To put these figures in the context of a known real world application, let us model the case of a GraphDB Enterprise replication cluster with 2 master nodes and 6 worker nodes - the size of cluster that BBC used for their FIFA Worldcup 2010 project. Given c3.2xlarge instance type, the math works as follows:
- 100 queries/sec. handled by the cluster. This means about 360 000 queries per hour or more than 4 million queries per day. This is at least 2 times more than the actual loads of GraphDB at BBC during the peak times of big sports events.
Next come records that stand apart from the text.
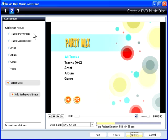You can add smart menus that let you play back your music by the order selected, in alphabetical order, by artist, album or genre, or even the year the song was produced.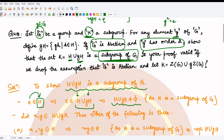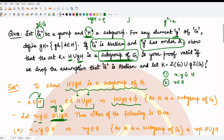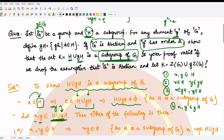Next we prove the union is closed under multiplication: if we take two elements x and y from H ∪ gH, their product xy must also be present in H ∪ gH. Since x and y are each in one of the two sets, there are four possibilities: both x and y in H; x in H and y in gH; x in gH and y in H; or both x and y in gH.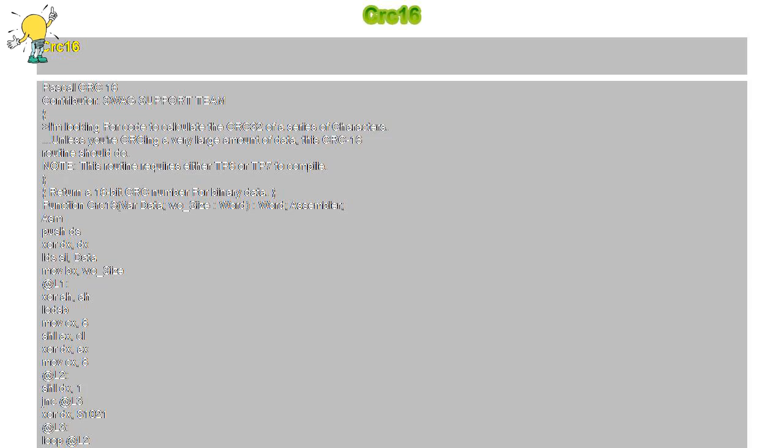CRC-16. Pascal 16 CRC contributor: I'm looking for code to calculate the CRC of a series of characters. Unless you're CRC-ing a very large amount of data, this CRC-16 routine should do.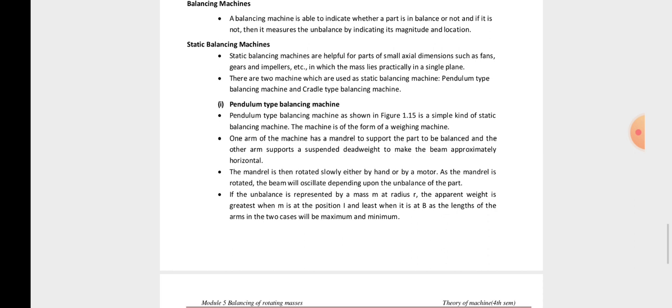Static balancing machines are helpful for parts with small axial dimensions such as fans, gears, and impellers, where the mass lies practically in a single plane. There are two types of machines used in static balancing: pendulum type and cradle type.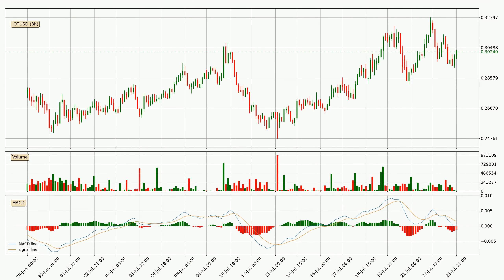Looking at the 3 hourly MACD, the trend is currently going down because the MACD line is below the signal line. However, the MACD histogram shows that the momentum is currently shifting to the upside and it could be expected that the price will consolidate for some time and you should wait to see if the MACD line will cross the signal line, which will be bullish.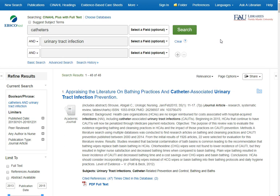In the next recording, I'll show you how to view articles and use some of the tools available in CINAHL so that you can save the articles.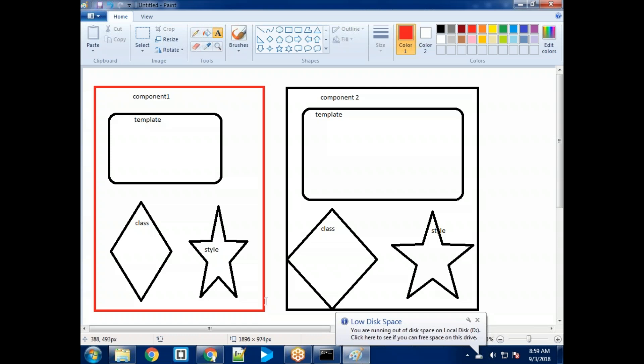At the same way, if component one wants to say something to component two, directly it is not possible.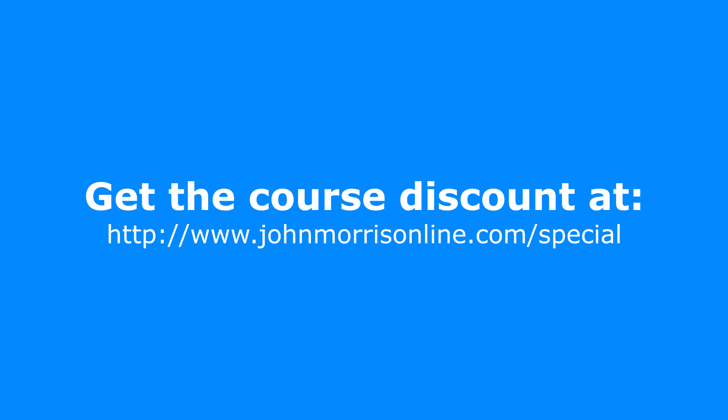I'll get more specific on that as we get close to that date, but it is a limited time offer. So if you want in, you need to jump in now. Again, the link is johnmorrisonline.com slash special. But whatever you do, dive into this database thing, understand that that's what you need to be able to do to be a professional developer to do this for a living. You need to be a master of those fundamentals.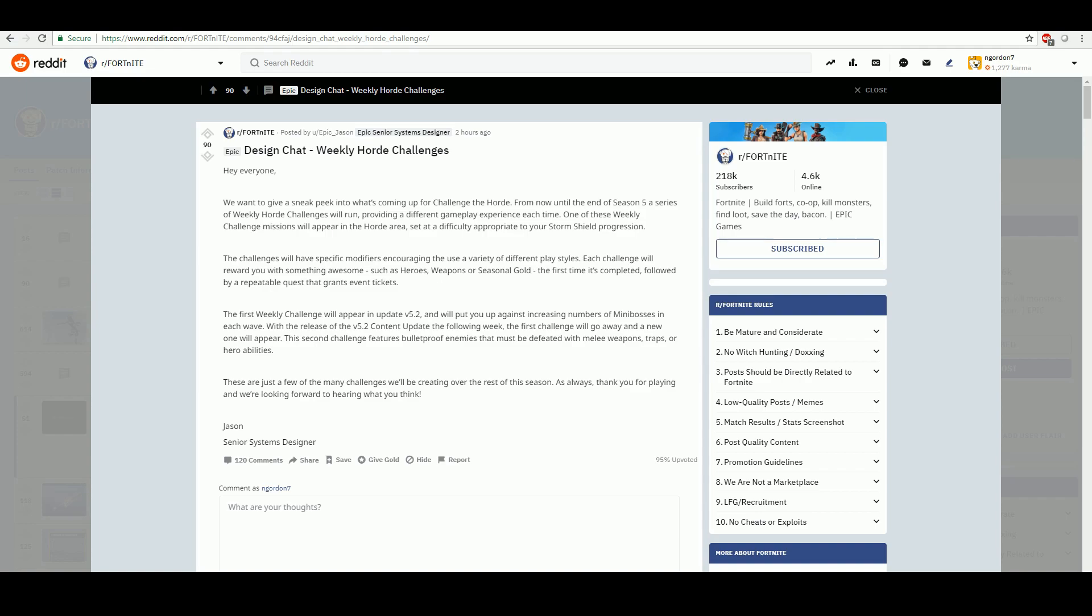It says basically they're going to be releasing weekly horde challenges. It says we want to give a sneak peek into what's coming up for Challenge the Horde. From now until the end of Season 5, and I checked Battle Royale, the end of Season 5 says it's in 52 days, which is about the week of September 24th. They're going to be releasing a series of weekly horde challenges, providing a different gameplay experience each time.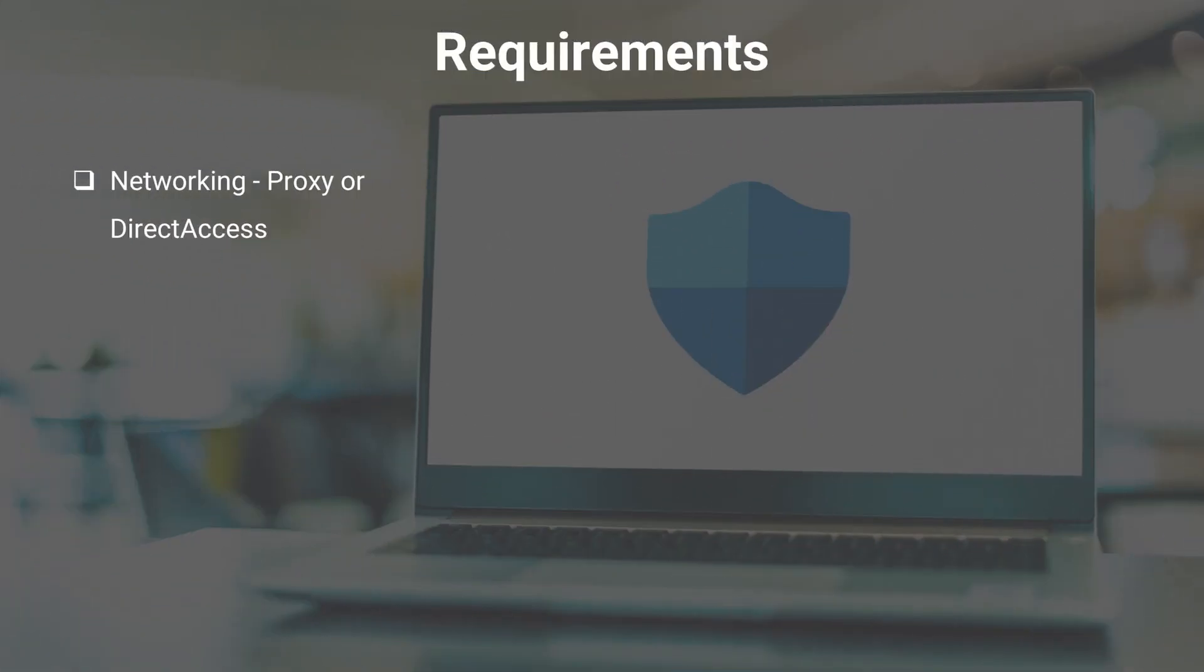Now let's mention a couple of things for second requirement, which is network requirements. Internet connectivity is required on your devices for Microsoft Defender for Endpoint solution. It can be both direct access or with the help of proxy. It depends on whether your organization requires endpoints to use proxy to access internet or not.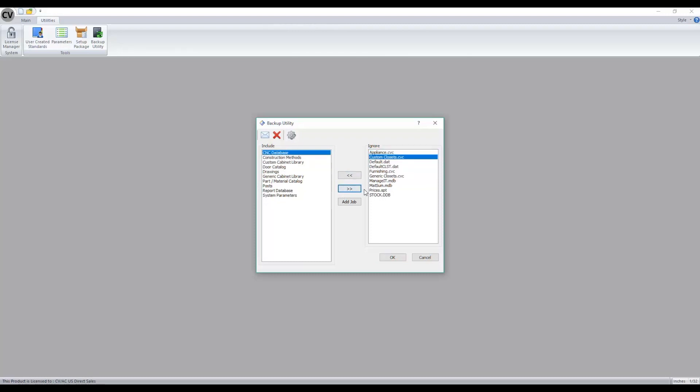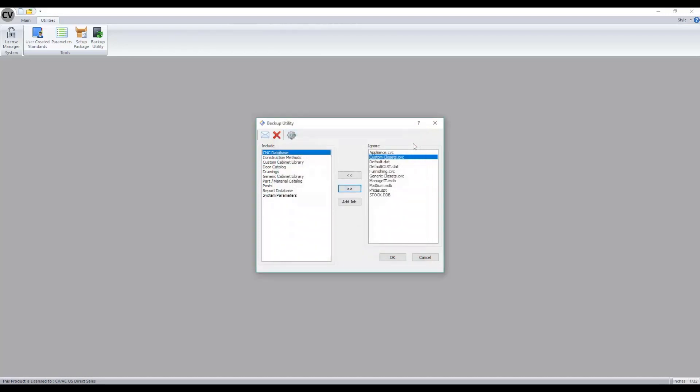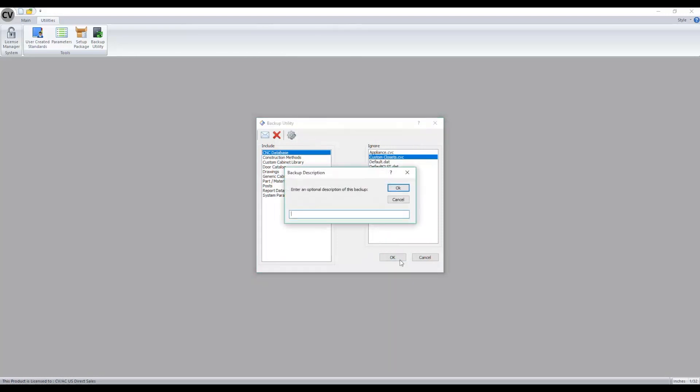If you need to modify the settings, select the button here to change any of these settings, including the location where the backup will be saved. Once you're happy with everything to be included, simply click OK. You can give a description with your backup if you'd like, or just hit OK.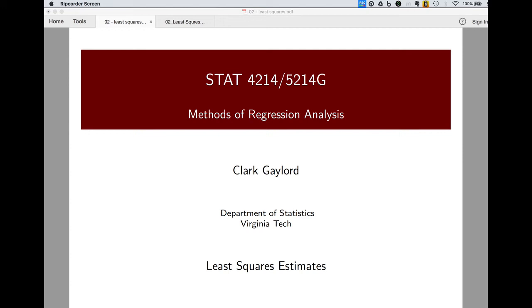Welcome to methods of regression analysis. Today we're going to take our derivation of least squares estimates and do an exercise where we compute these. We can do it relatively by hand using Microsoft Excel to really show how this works.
- 10 updates/sec. - the speed of updates in GraphDB Enterprise cluster is lower than the speed of each worker node in separation. There are relatively few content management applications that need more than 36 000 updates per hour.
- $81/day is the full cost for the server infrastructure. This indicates an annual operational cost for cluster of this type in the range of $30 000, even without any effort to release some of the worker nodes in non-peak times.